# TASK TO CARRY OUT
Retype the lines from the one containing "Piso en calle Gertrudis Gómez, 2 - Foto 3" through the last line of the entries below, exactly and in full, omitting every image.

[Captioned web images]
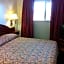 Oaktree Inn & Suites Oklahoma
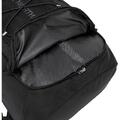 The North Face 25L Outdoor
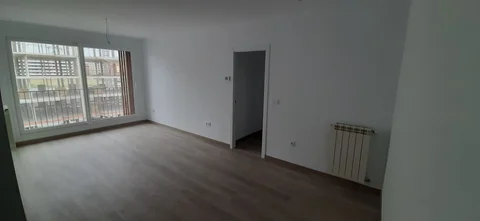 Piso en calle Gertrudis Gómez, 2 - Foto 3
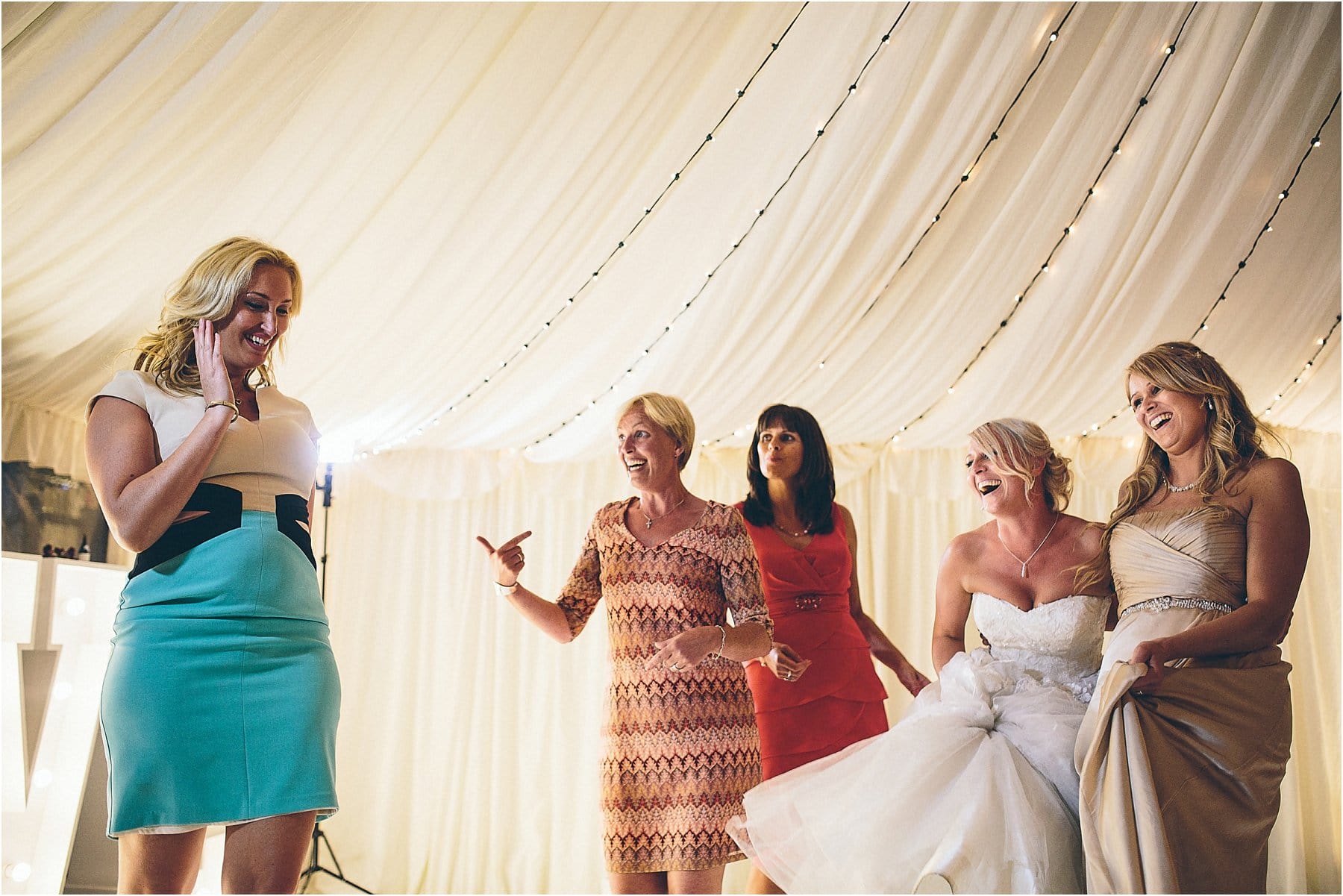 Cley_Windmill_Wedding_Photography_0166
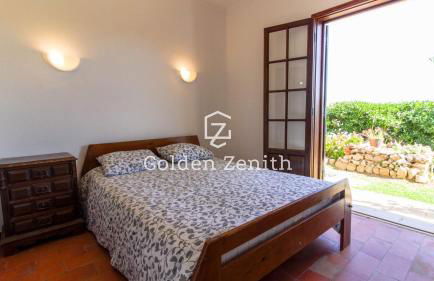 Casa Gralheira - Private Pool & Sea View - Foto 41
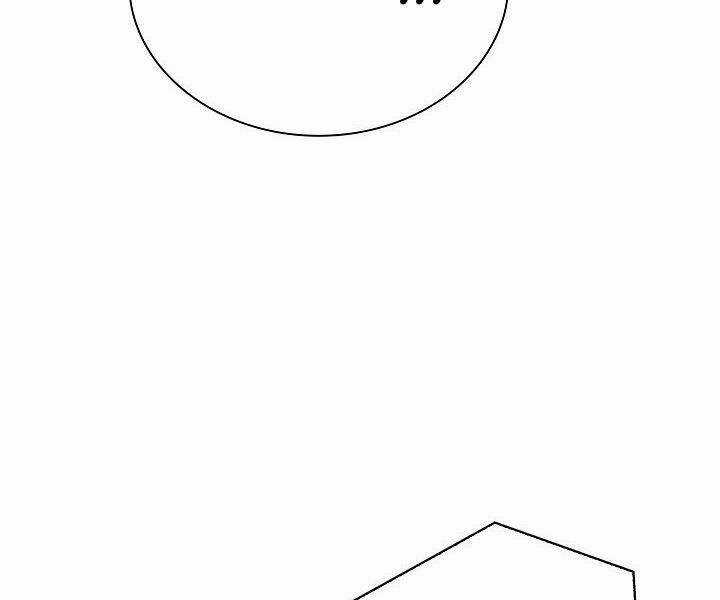 Quán Trọ Phong Ba Chapter 16 trang 144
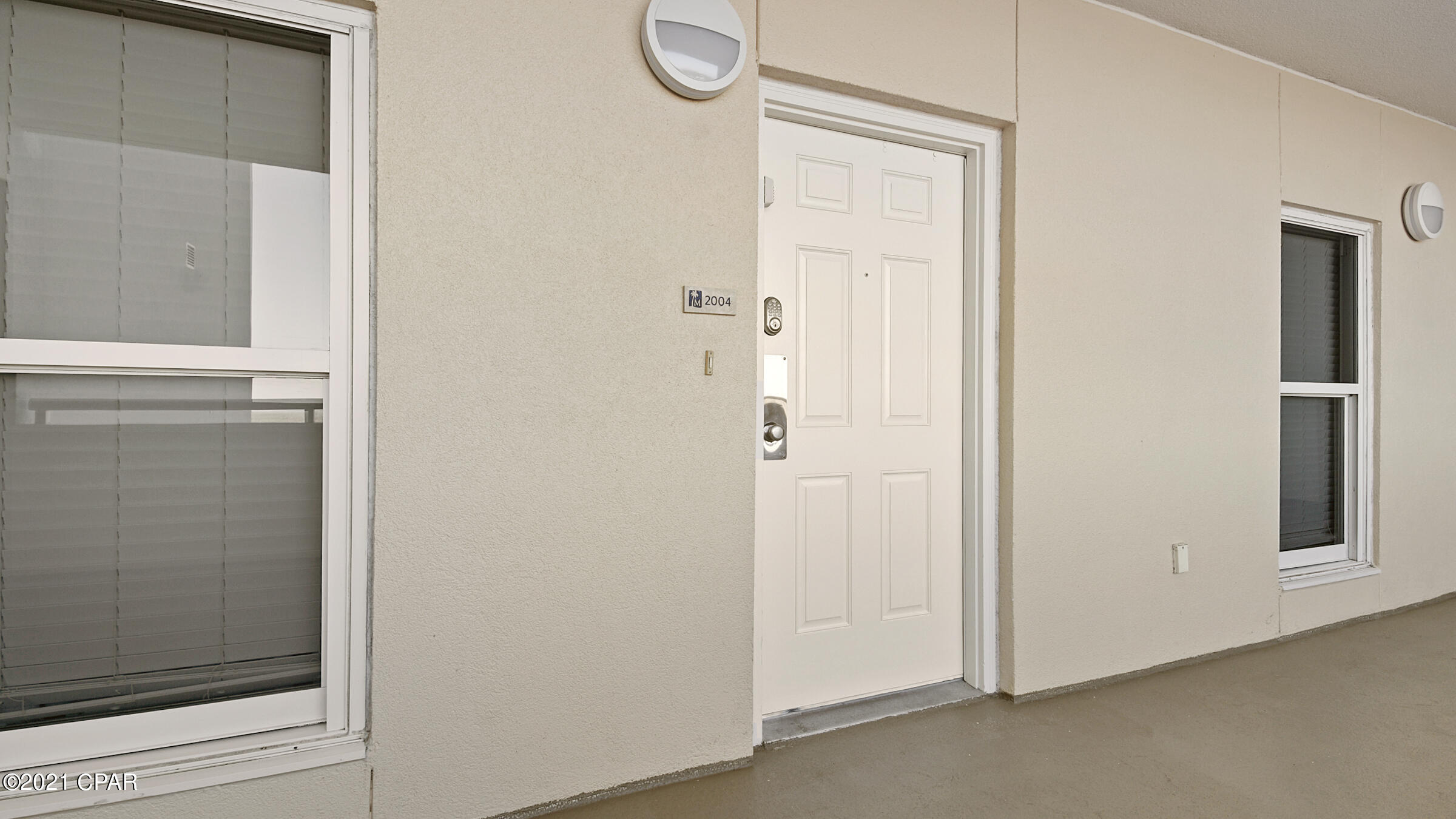 10901 Front Beach Road, Unit 2004 Panama City Beach, FL 32408 - Photo 23 of 41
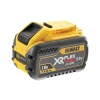 Dewalt DCB548 FlexVolt XR Slide Battery 18/54V 12.0/4.0Ah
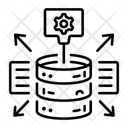 پیش‌نمایش فایل data-normalization-13585720 از پک پایگاه داده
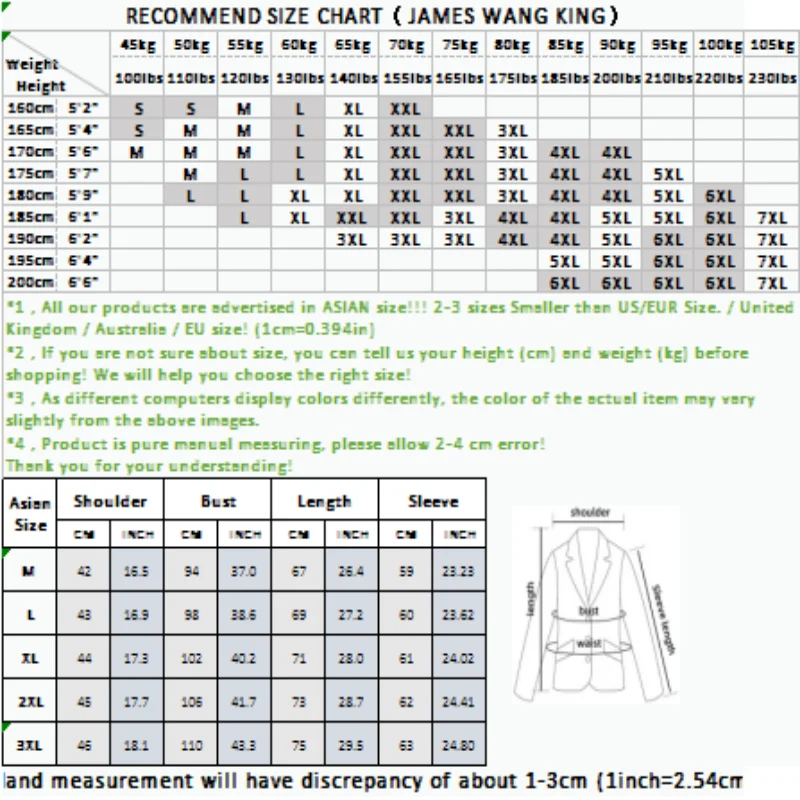 2024 summer Korean slim short sleeve small suit thin casual men British seven-point sleeve mid-sleeve suit suit men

# PROBLEM SOLUTION
 Piso en calle Gertrudis Gómez, 2 - Foto 3
 Cley_Windmill_Wedding_Photography_0166
 Casa Gralheira - Private Pool & Sea View - Foto 41
 Quán Trọ Phong Ba Chapter 16 trang 144
 10901 Front Beach Road, Unit 2004 Panama City Beach, FL 32408 - Photo 23 of 41
 Dewalt DCB548 FlexVolt XR Slide Battery 18/54V 12.0/4.0Ah
 پیش‌نمایش فایل data-normalization-13585720 از پک پایگاه داده
 2024 summer Korean slim short sleeve small suit thin casual men British seven-point sleeve mid-sleeve suit suit men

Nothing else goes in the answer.